Though Rose Alley comes in a brilliant pink, for all of its ribaldry and salacious interludes, it might as well have come in blue (William Gass would certainly be proud). In it are countless bawdy asides like Ephraim Bueno’s painting of “pornographic dummies”; Gilbert Beltham’s “violating from behind a schoolgirl bound hand and foot with thorny creepers”; and Raoul Foche is a fount of them: “Fucking Millicent was something like climbing a marble pillar long as the world: much fortitude was required, and you left frivolity behind with your clothes.” While Rose Alley is certainly erotically charged, some of the characters have a kind of horror of the flesh. There’s Evelyn Nevers for whom pornography
made her think of vulval insect bites in tropical climes, the various cancers and polyps like tusks or withered and innovative new appendages seen to have emanated from the skin around the scrotum or labia, as though the body were seeking an alternate means to acquit itself of a burdensome responsibility.
And there’s Gilbert Beltham, whose “body was a machine for making disease,” and his almost grotesque reveries on his own impotence, his surprise at somehow being aroused in spite of all of his repugnance. There are long passages in the Beltham chapter worth quoting in full, and reveling in, as they showcase a digressive style informed as much by a winking erudition as it is by its ever roaming eye and ear for detail, and a sense of humor, oscillating from the utterly base to high comedy.

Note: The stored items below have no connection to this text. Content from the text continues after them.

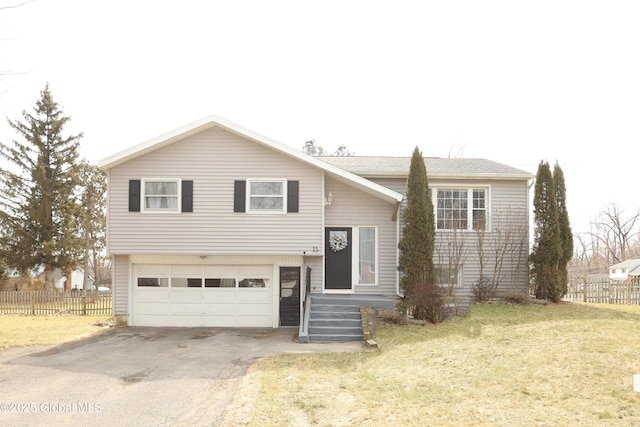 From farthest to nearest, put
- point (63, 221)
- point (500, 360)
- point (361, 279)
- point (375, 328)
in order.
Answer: point (63, 221), point (361, 279), point (375, 328), point (500, 360)

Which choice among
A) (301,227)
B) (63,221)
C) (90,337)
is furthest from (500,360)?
(63,221)

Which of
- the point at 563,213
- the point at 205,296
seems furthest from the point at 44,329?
the point at 563,213

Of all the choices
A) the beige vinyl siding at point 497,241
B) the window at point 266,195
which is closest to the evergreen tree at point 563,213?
the beige vinyl siding at point 497,241

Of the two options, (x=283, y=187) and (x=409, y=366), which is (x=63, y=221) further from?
(x=409, y=366)

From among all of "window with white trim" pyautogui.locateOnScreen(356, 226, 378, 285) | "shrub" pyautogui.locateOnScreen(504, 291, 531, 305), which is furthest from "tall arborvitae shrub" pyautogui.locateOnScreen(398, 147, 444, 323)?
"shrub" pyautogui.locateOnScreen(504, 291, 531, 305)

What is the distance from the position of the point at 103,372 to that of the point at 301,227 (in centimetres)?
739

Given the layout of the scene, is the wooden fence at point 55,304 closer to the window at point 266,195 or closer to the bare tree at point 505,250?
the window at point 266,195

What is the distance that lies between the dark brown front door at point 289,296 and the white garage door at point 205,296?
385 mm

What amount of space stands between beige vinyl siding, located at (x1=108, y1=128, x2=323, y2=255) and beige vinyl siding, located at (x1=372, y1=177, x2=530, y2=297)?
163 inches

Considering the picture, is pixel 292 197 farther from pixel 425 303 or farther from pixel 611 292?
pixel 611 292

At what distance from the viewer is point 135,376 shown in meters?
10.1

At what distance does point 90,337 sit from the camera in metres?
15.1

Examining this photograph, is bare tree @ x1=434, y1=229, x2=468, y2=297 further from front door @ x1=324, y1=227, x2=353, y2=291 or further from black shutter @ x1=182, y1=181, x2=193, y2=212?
black shutter @ x1=182, y1=181, x2=193, y2=212

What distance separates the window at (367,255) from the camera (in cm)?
1773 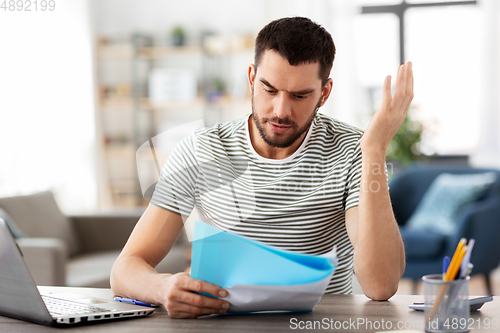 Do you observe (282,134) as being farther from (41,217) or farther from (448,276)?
(41,217)

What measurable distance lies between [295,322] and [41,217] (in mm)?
2201

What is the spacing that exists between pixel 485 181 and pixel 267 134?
229cm

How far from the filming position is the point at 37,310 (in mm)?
828

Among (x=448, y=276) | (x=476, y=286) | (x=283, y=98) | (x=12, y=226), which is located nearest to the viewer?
(x=448, y=276)

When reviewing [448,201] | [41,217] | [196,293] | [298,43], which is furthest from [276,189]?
[448,201]

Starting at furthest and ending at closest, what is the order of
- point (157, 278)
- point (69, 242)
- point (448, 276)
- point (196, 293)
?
point (69, 242) → point (157, 278) → point (196, 293) → point (448, 276)

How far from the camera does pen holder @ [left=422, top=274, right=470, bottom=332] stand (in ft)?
2.48

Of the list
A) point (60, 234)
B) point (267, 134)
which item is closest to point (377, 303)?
point (267, 134)

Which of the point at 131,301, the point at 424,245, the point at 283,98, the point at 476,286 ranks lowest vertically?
the point at 476,286

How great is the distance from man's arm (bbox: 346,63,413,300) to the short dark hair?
0.22 meters

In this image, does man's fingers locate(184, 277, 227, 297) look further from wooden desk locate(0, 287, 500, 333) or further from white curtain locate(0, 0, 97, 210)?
white curtain locate(0, 0, 97, 210)

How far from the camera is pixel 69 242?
2.90 m

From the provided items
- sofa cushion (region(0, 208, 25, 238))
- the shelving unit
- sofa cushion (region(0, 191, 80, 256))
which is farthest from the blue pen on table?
the shelving unit

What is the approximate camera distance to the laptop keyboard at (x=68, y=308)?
859 mm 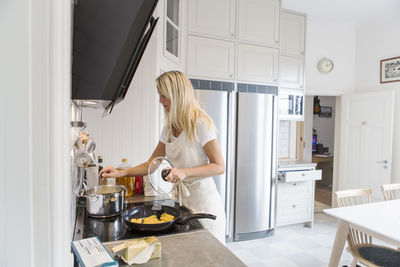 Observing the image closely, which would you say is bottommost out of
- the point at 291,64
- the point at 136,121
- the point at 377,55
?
the point at 136,121

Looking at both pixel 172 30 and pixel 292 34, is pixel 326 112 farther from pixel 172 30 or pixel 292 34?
pixel 172 30

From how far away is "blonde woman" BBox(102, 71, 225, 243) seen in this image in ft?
4.43

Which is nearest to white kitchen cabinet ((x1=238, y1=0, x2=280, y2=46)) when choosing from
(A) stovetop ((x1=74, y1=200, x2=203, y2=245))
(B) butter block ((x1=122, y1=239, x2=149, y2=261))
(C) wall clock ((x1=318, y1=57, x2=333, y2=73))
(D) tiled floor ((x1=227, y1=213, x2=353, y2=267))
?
(C) wall clock ((x1=318, y1=57, x2=333, y2=73))

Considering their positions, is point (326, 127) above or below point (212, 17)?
below

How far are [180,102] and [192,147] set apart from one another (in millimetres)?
246

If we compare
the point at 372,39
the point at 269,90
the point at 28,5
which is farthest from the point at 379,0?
the point at 28,5

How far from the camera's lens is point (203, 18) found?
2811 millimetres

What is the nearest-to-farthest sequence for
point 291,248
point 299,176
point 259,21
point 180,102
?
point 180,102
point 291,248
point 259,21
point 299,176

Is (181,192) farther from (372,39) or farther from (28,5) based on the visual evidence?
(372,39)

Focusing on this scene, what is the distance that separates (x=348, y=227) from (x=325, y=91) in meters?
2.58

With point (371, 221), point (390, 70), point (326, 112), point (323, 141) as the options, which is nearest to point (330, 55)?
point (390, 70)

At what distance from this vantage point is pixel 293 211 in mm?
3461

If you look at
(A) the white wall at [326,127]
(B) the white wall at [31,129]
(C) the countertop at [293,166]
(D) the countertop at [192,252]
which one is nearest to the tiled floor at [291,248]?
(C) the countertop at [293,166]

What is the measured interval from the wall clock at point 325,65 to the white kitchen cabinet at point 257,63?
3.58ft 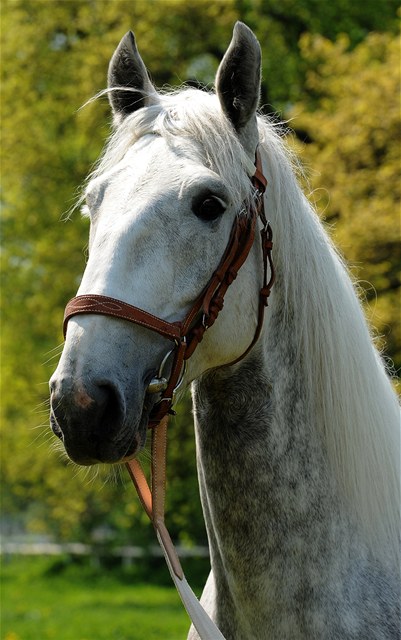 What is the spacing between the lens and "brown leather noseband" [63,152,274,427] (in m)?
2.55

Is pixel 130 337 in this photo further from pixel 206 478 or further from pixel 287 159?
pixel 287 159

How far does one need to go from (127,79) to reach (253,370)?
117 cm

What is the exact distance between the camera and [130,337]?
259cm

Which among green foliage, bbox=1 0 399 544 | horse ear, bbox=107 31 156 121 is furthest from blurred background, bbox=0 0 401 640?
horse ear, bbox=107 31 156 121

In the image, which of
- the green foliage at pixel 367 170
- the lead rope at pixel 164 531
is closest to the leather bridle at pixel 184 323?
the lead rope at pixel 164 531

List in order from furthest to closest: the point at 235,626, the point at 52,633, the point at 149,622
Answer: the point at 149,622 < the point at 52,633 < the point at 235,626

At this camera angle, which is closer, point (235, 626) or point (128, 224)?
point (128, 224)

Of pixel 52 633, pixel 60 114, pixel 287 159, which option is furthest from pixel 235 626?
pixel 60 114

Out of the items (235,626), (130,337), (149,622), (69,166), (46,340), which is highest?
(130,337)

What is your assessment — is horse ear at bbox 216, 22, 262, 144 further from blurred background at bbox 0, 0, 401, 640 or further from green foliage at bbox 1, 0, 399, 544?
green foliage at bbox 1, 0, 399, 544

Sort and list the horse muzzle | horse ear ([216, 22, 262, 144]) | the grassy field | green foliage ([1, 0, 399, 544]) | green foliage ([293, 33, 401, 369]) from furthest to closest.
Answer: green foliage ([1, 0, 399, 544]) → the grassy field → green foliage ([293, 33, 401, 369]) → horse ear ([216, 22, 262, 144]) → the horse muzzle

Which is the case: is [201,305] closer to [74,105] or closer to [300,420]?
[300,420]

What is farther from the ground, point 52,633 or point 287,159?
point 287,159

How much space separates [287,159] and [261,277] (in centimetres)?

The chapter on Myrna Krause is one of the funniest chapters in what is a very funny book. We learn, in a wonderfully absurd turn, that Krause’s parents, both chronic stutterers, “learned to communicate with one another by whistling the choruses of popular tunes,” and that their “infrequent efforts at intelligible speech were so gruesome and heartbreaking to behold—with tongues like purple geese molting spittle and phlegm—that simple questions from one or both had at times occasioned debilitating traumas in those who received them.”
Jeremy M. Davies’s Rose Alley is a film buff’s, no, cosmopolitan’s, no, epicurean’s, no, literary aesthete’s guide to late ’60s Paris; and it’s a kind of loving homage to unfinished films, their reverberations of nostalgia, memory, and obsession; but it’s also a novel where dizzying erudition is set in counterpoint with comic set-pieces, where robust language, mediated by a penetrating understanding of character, takes over every page (there are even expansive extrapolations on etymologies). There’s a buoyancy to the style here and an easy abandonment of straightforward storytelling, resulting in a beautiful prose object, that is, a story told “in the best possible way.”